I’ve found slices of the US military to be incredibly innovative, forward thinking, and willing to take lots of small calculated risks.

The USMC maker efforts are one bottom up effort, and I’m aware of a fantastic Air Force effort that has excellent support as well.

Australia’s effort is more recent, I’m helping them to develop in-house innovation training as well as helping to shape an in-house innovation ecosystem/pipeline.

I think a big part of successful implementation is culture change.

On operations, we are expected to take calculated risks that include failing at times, in order to learn and iterate.

The biggest issue is that in a homefront “camp” environment, everyone becomes risk averse due to frequent posting cycles(officers usually change roles every 2-3 years).

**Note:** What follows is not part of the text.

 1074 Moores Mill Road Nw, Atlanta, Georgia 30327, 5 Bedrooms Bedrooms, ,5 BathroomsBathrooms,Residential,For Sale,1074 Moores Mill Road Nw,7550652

Short posting cycles contradict the need for much longer term innovation pipeline outputs.

I hope that helps?

An army officer once gave me an amazing rundown of the ways deployed units have to recreate so many layers of infrastructure we take for granted. Military units really have to carry a whole version of their civilization with them, and how long they can maintain it determines their effectiveness (which is why most of military history is about logistics improvements creating newly dominant forces).

The challenges have a lot in common with space travel - not surprising that 3D printing has spurred so much imagination on both sides.

Side note: there's a quote in the article where Gen. Walters is envying what young engineers can do with this stuff. That's one of my favorite signals for tech that's not hype -- when it makes successful pros wish they were born a little later.

The US Military is a logistics organization that happens to fight wars.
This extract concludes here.